* **What is required**: Beginning at the top of the data below, write out every line exactly until you reach the line with "I tifosi del Modena (foto Ben)", and include that line.

Scraped caption text data
______
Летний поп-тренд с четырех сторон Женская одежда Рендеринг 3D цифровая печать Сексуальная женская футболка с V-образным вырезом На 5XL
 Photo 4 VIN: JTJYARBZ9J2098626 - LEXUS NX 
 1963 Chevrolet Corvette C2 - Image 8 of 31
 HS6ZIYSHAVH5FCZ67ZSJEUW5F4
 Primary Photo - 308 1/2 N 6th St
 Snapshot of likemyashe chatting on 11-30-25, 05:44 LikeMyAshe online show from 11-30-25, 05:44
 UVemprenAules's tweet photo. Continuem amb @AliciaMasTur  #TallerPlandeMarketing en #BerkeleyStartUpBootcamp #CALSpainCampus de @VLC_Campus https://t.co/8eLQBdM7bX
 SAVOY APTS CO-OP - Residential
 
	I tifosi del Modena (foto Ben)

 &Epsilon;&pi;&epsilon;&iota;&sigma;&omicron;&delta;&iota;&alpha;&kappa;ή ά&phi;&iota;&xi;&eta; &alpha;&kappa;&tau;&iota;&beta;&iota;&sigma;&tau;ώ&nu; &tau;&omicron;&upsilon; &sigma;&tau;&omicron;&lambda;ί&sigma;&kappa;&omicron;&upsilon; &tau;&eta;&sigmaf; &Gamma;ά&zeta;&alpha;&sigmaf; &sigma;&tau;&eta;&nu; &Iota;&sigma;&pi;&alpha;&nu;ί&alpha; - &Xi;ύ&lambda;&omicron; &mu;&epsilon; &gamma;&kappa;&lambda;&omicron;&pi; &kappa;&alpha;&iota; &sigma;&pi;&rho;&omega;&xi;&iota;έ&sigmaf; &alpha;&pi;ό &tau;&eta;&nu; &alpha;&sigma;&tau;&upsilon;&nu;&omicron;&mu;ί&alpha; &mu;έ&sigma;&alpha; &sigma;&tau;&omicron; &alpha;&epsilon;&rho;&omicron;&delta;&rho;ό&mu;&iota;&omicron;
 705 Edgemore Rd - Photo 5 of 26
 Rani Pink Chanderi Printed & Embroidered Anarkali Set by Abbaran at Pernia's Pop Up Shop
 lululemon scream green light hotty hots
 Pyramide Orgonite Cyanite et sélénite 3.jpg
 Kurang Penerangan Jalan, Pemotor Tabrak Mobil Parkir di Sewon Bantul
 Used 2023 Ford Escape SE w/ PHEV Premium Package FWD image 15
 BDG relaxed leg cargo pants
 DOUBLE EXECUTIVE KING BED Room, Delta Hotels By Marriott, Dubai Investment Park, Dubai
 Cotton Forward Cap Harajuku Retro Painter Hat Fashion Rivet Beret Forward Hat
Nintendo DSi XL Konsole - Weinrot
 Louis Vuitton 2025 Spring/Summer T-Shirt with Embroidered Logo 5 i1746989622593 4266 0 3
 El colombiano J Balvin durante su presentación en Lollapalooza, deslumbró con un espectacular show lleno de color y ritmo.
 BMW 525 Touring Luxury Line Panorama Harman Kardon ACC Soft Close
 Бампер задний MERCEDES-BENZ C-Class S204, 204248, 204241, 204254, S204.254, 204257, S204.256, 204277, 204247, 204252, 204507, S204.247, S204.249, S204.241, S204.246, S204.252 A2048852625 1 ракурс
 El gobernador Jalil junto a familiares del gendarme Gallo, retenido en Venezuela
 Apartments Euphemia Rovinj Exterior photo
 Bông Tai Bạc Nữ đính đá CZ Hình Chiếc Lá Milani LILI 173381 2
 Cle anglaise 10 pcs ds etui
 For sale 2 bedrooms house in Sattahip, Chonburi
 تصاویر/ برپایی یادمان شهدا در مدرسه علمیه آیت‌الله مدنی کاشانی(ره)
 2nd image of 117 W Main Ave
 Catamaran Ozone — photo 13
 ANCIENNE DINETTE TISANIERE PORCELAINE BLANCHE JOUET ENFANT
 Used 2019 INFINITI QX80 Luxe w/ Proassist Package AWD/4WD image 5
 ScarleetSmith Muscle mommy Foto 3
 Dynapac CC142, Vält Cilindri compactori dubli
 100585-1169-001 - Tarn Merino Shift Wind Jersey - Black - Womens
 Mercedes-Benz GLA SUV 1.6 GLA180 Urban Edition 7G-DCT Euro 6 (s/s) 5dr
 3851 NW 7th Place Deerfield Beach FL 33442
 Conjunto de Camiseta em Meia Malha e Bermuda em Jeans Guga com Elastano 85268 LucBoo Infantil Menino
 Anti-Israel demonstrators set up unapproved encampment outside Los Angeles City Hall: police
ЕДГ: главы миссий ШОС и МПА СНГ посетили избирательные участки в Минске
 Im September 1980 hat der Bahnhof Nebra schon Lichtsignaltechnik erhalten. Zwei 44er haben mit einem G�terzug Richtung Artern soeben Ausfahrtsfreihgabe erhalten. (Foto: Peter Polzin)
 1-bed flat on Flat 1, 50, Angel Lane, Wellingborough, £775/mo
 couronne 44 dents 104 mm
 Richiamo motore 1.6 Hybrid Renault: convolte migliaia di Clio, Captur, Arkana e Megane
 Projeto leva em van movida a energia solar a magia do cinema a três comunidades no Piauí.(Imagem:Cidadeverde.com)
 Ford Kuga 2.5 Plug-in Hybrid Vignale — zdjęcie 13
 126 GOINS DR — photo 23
______
* **Response**:
Летний поп-тренд с четырех сторон Женская одежда Рендеринг 3D цифровая печать Сексуальная женская футболка с V-образным вырезом На 5XL
 Photo 4 VIN: JTJYARBZ9J2098626 - LEXUS NX 
 1963 Chevrolet Corvette C2 - Image 8 of 31
 HS6ZIYSHAVH5FCZ67ZSJEUW5F4
 Primary Photo - 308 1/2 N 6th St
 Snapshot of likemyashe chatting on 11-30-25, 05:44 LikeMyAshe online show from 11-30-25, 05:44
 UVemprenAules's tweet photo. Continuem amb @AliciaMasTur  #TallerPlandeMarketing en #BerkeleyStartUpBootcamp #CALSpainCampus de @VLC_Campus https://t.co/8eLQBdM7bX
 SAVOY APTS CO-OP - Residential
 
	I tifosi del Modena (foto Ben)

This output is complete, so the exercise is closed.